Das Bundesverfassungsgericht hat mit seinem heute verkündeten Beschluss über das Landespolizeigesetz in Baden-Württemberg dem Einsatz sogenannter Staatstrojaner neue Grenzen gesetzt und die staatliche Schutzpflicht für Bürger:innen und Unternehmen betont. Diese Begründung muss ab sofort bei allen zukünftigen Aktivitäten rund um den Einsatz von Staatstrojanern Berücksichtigung finden, fordert eco – Verband der Internetwirtschaft e.V.

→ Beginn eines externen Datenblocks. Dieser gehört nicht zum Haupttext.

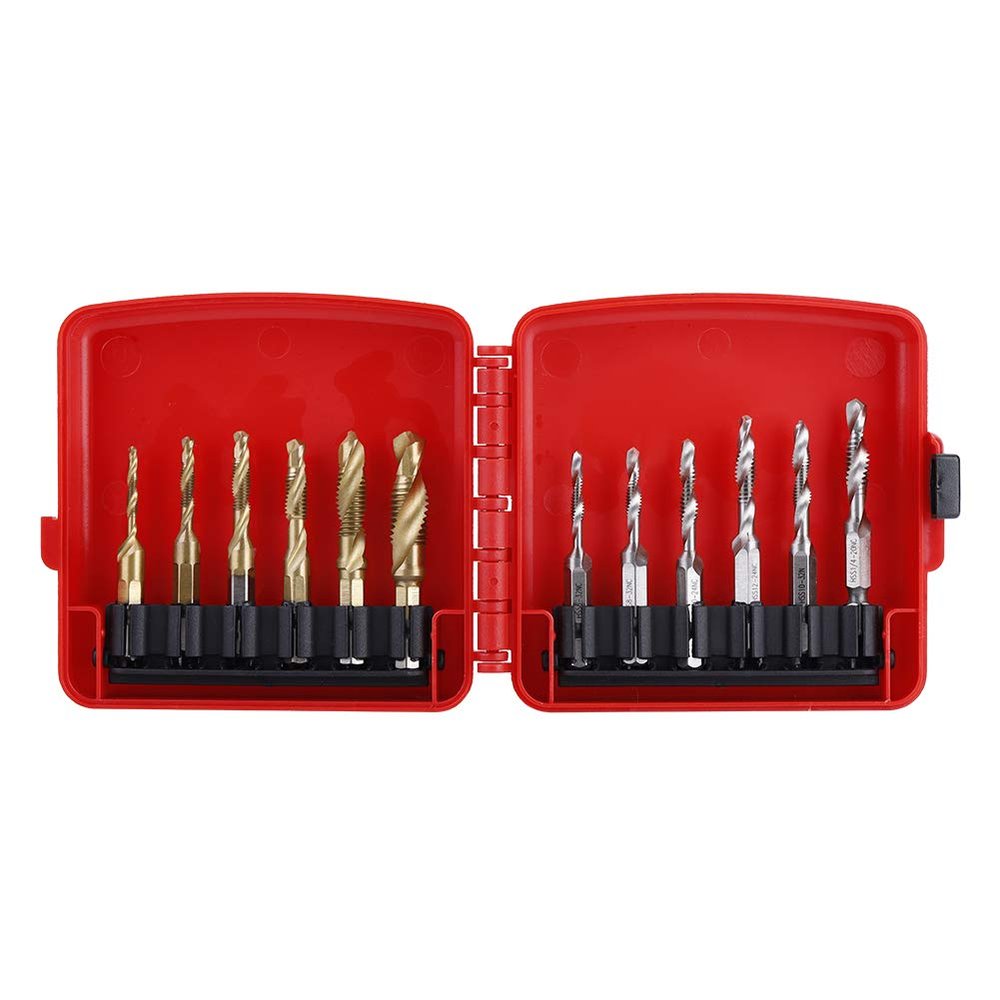 12-Piece Hex-Shank Gold-Plated HSS Tap Drill Set, Metric/Inch, M3–M10
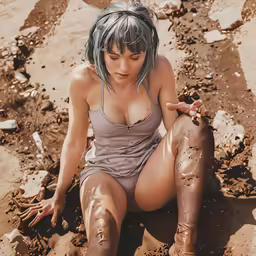 a woman in wet clothes kneeling on a sandy beach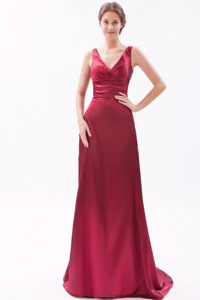 Red Column V-neck Brush Ruching Prom Dress for Customize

Dazu sagt Klaus Landefeld, stellvertretender Vorstandsvorsitzender beim Verband der Internetwirtschaft:
„Auch wenn die Karlsruher Richter die Verfassungsbeschwerde als unzulässig erklärt haben, bleibt sie ein wichtiger Erfolg für die IT-Sicherheit und die Wahrung von Bürgerrechten. Ab sofort müssen Staat und Sicherheitsbehörden vor jedem Trojaner-Einsatz Regelungen schaffen und auch bewerten, wie hoch das Risiko für Bürger:innen, Wirtschaft und den Staat selbst ist, wenn Sicherheitslücken in IT-Systemen geheim gehalten werden. Damit setzt das Bundesverfassungsgericht staatlicher Spähsoftware Grenzen und betont zugleich die Schutzplicht des Staates – und eben die muss jetzt konsequent eingefordert werden.“
Im Zuge des Pegasus-Skandals weist Landefeld zudem auf die Risiken gekaufter Spähsoftware hin. Landefeld: „Da die Behörden bislang keine eigene Software einsetzen, werden eben nicht nur selbstgefundene Lücken offengelassen, sondern auch Lücken die von der gekauften Software genutzt werden und somit auch dritten Diensten bekannt sind. Ein Schutz ist nicht möglich, der Einsatz kann vom Deutschen Staat und seinen Diensten aktuell nicht ausreichend kontrolliert werden. Konkret akzeptiert man die Ausspähung der Bürger:innen durch Dritte in vollem Bewusstsein – obwohl man die Möglichkeit hätte, diese Lücke zu schließen beziehungsweise schließen zu lassen.“
Sogenannte Staatstrojaner-Gesetze, wie die Verfassungsschutz-Novelle müssten nun angepasst werden, um den aktuellen Anforderungen gerecht zu werden, so Landefeld weiter. Der Verband der Internetwirtschaft kritisiert die entsprechenden gesetzlichen Bestimmungen auf Bundes- und Landesebene und die darin vorgesehenen gesetzlichen Befugnisse zum Einsatz von Staatstrojanern scharf. Bereits im Vorfeld hat eco mehrfach davor gewarnt, dass die IT-Sicherheit, der Datenschutz und die Vertrauenswürdigkeit digitaler Kommunikation nachhaltig geschwächt werden.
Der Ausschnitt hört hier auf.